Apple / medical / EPOCRATES: DRUG INFO & PILL ID
REVIEW
Epocrates is the drug reference clinicians keep open in the other hand.
Athenahealth's quarter-century-old pocket formulary still answers the dosing and interaction questions a phone-in-pocket clinician actually asks.
BY THE APP COMRADE DESK · MAY 11, 2026 · 4 MIN READ
epocrates: Drug Info & Pill ID
EPOCRATES
OUR SCORE
7.8
APPLE
★ 4.5
PRICE
Free
Epocrates predates the iPhone. It started as a Palm Pilot formulary in 1998, made the jump to iOS the same year the App Store opened, and has been the reference clinicians actually keep in a coat pocket — or, increasingly, a scrubs pocket — for most of the time since. Athenahealth bought the company in 2013 and has mostly let it be, which in a category this prone to redesign-for-redesign’s-sake counts as a feature.

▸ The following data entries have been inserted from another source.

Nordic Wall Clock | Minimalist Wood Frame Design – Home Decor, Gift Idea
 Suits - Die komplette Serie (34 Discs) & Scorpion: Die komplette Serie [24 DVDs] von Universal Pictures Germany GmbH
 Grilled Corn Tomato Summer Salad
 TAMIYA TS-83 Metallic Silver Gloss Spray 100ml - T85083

The app still does what working clinicians need a phone-shaped reference to do: confirm a dose, check an interaction, identify a loose pill, look up a code. That it does these things quickly, offline, and without trying to be a portal or a charting tool is why it has outlasted every challenger that promised to replace it.
The pill identifier alone justifies the install for anyone who has ever fished a loose tablet out of a patient's pillbox.
FEATURES
Epocrates leads with a drug monograph database that covers prescription, OTC, and alternative therapies, each entry organised the way clinicians scan one: adult and paediatric dosing first, then adjustments for renal and hepatic impairment, contraindications, black-box warnings, mechanism, pharmacokinetics, and a price-and-formulary line at the bottom. The interaction checker takes up to thirty drugs at once and grades each pairing by severity, which is the field most users actually open the app for.
The Pill ID tool indexes tablet and capsule imprints by colour, shape, and scoring — drop in the imprint code from a loose pill and you get back a candidate list with the dosage form attached. Other utilities include MedMath calculators (creatinine clearance, MAP, BMI, opioid conversions), an ICD-10 lookup, and a guidelines library that surfaces society recommendations for common acute presentations.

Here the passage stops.